Ozone-depleting compound still exists long after ban – Study

OzoneA National Aeronautical Space Agency (NASA) research shows that the earth’s atmosphere contains an unexpectedly large amount of an ozone-depleting compound, the Carbon tetrachloride (CCl4) from an unknown source decades after the compound was banned worldwide.

CCl4, which was once used in applications such as dry cleaning and a fire-extinguishing agent, was regulated in 1987 under the Montreal Protocol along with other chlorofluorocarbons that destroy ozone and contribute to the ozone hole over Antarctica.

Parties to the Montreal Protocol reported zero new CCl4 emissions from 2007-2012. However, the new research, available to the Ghana News Agency shows worldwide emissions of CCl4 average 39 kilotons per year, approximately 30 per cent of peak emissions prior to the international treaty going into effect.
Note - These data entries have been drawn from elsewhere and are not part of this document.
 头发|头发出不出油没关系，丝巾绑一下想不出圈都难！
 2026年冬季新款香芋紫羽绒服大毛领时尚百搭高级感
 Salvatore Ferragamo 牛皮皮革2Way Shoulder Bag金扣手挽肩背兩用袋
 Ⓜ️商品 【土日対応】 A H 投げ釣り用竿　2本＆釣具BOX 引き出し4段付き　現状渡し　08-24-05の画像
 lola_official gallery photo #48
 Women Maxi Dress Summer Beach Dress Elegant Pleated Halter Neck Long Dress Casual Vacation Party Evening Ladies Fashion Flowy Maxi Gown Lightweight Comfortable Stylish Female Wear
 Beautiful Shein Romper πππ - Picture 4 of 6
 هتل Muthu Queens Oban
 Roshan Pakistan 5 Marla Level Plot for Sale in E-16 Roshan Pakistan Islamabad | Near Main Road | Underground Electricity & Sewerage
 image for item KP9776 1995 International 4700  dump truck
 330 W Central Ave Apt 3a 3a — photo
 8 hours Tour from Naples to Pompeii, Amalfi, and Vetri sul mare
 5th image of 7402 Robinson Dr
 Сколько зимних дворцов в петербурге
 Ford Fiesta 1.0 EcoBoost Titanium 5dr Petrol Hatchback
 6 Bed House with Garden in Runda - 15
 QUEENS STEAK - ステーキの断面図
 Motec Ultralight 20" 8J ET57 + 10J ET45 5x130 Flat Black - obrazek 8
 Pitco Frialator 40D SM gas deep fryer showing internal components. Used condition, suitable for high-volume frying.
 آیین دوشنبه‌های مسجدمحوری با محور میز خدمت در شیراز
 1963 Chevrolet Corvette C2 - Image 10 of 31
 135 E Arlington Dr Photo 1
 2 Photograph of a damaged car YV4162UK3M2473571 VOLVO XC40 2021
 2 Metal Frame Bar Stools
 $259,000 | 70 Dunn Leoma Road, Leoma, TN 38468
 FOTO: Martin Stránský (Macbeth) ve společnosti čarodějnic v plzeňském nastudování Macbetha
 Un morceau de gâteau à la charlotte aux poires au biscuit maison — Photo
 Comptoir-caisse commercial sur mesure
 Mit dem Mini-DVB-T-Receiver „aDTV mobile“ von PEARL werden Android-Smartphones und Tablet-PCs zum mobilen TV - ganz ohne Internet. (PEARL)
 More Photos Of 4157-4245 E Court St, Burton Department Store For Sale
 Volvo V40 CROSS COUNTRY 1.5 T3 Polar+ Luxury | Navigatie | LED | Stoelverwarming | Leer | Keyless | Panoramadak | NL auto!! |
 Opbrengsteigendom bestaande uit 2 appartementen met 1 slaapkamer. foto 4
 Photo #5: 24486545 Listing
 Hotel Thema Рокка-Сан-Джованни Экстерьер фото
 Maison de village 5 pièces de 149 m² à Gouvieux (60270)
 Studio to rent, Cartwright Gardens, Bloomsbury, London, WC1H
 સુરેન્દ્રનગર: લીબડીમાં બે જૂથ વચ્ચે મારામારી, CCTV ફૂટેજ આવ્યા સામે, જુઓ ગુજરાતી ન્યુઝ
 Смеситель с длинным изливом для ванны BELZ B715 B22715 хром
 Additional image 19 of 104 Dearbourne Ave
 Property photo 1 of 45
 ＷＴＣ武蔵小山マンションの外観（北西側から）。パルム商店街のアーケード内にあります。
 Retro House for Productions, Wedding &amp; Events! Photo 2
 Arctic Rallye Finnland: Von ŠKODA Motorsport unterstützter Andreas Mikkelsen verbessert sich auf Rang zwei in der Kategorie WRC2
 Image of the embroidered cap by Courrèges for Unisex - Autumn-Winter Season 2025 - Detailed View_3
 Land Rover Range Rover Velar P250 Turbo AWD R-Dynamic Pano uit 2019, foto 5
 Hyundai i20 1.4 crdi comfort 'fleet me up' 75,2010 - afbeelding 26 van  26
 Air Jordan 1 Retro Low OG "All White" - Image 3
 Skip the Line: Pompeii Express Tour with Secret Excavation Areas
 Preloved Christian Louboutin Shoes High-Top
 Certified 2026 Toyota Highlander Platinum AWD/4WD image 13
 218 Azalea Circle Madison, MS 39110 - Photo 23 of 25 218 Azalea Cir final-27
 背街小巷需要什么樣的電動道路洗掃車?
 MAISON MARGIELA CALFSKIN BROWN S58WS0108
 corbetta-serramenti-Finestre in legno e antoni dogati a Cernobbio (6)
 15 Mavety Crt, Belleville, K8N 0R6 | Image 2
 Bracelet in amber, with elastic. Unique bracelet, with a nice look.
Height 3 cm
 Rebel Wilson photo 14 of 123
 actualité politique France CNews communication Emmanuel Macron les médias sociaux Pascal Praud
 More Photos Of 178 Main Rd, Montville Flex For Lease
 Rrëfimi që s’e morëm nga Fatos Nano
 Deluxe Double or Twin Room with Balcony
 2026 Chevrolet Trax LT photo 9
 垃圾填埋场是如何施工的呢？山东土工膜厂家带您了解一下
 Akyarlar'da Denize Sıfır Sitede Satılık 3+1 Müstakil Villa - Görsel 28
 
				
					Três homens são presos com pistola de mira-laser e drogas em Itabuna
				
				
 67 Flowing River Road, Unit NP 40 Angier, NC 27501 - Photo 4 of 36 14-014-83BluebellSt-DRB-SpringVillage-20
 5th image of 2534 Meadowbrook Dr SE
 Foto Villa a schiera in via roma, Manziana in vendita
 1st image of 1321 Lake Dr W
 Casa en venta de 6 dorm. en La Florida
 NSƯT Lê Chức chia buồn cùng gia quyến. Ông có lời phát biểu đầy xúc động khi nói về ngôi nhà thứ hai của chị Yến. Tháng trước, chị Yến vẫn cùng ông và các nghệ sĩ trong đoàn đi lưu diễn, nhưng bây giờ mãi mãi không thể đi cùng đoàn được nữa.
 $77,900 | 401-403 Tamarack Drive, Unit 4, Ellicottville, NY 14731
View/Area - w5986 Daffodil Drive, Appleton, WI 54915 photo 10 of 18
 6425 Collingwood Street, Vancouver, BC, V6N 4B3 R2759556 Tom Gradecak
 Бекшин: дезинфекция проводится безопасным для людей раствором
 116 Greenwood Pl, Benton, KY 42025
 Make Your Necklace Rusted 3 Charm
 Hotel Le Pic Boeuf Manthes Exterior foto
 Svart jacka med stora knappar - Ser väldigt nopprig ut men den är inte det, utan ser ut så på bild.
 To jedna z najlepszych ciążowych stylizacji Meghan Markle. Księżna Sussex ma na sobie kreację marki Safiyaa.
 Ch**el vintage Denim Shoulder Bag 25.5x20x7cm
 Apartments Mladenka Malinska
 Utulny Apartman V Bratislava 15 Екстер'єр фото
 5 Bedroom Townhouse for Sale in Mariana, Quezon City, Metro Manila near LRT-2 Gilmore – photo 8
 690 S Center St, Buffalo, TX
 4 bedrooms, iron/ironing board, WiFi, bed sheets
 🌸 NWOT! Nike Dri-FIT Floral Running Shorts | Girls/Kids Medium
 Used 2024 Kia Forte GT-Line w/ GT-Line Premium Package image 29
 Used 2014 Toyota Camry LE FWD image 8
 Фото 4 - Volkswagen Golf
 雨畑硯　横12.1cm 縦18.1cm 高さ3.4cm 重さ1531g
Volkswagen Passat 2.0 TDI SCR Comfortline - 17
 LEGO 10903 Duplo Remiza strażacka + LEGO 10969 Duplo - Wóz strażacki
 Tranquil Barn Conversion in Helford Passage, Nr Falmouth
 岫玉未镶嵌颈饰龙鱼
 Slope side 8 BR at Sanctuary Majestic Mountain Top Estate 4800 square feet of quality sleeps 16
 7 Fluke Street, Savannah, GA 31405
Qing Liang, an atmospheric scientist at NASA’s Goddard Space Flight Centre in Greenbelt, Maryland, and lead author of the study said: “We are not supposed to be seeing this at all.”

“It is now apparent there are either unidentified industrial leakages, large emissions from contaminated sites, or unknown CCl4 sources.”

It said as of 2008, CCl4 accounted for about 11 per cent of chlorine available for ozone depletion, which is not enough to alter the decreasing trend of ozone-depleting substances. Still, scientists and regulators want to know the source of the unexplained emissions.

The release said scientists for almost a decade have debated why the observed levels of CCl4 in the atmosphere have declined slower than expectations, which are based on what is known about how the compound is destroyed by solar radiation and other natural processes.

“Is there a physical CCl4 loss process we don’t understand, or are there emission sources that go unreported or are not identified?” Liang said.

With zero CCl4 emissions reported, atmospheric concentrations of the compound should have declined at an expected rate of four per cent per year. Observations from the ground showed atmospheric concentrations were only declining by one per cent per year.

Liang and colleagues used NASA’s 3-D GEOS Chemistry Climate Model and data from global networks of ground-based observations. with measurements made by scientists at the National Oceanic and Atmospheric Administration’s (NOAA’s) Earth System Research Laboratory and NOAA’s Cooperative Institute for Research in Environmental Sciences at the University of Colorado, Boulder.

It said model simulations of global atmospheric chemistry and the losses of CCl4 due to interactions with soil and the oceans pointed to an unidentified ongoing current source of CCl4. The results produced the first quantitative estimate of average global CCl4 emissions from 2000-2012.

In addition to unexplained sources of CCl4, the model results showed the chemical stays in the atmosphere 40 per cent longer than previously thought.

The research was published online in the Geophysical Research Letters.

Paul Newman, Chief Scientist for atmospheres at NASA’s Goddard Space Flight Centre, and a co-author of the study said: “People believe the emissions of ozone-depleting substances have stopped because of the Montreal Protocol.”

“Unfortunately, there is still a major source of CCl4 out in the world.”

NASA monitors and develops new ways to observe and study Earth’s interconnected natural systems with long-term data records and computer analysis tools to better see how our planet is changing.

The agency shares the unique knowledge with the global community and works with institutions in the United States and around the world that contribute to understanding and protecting our home planet.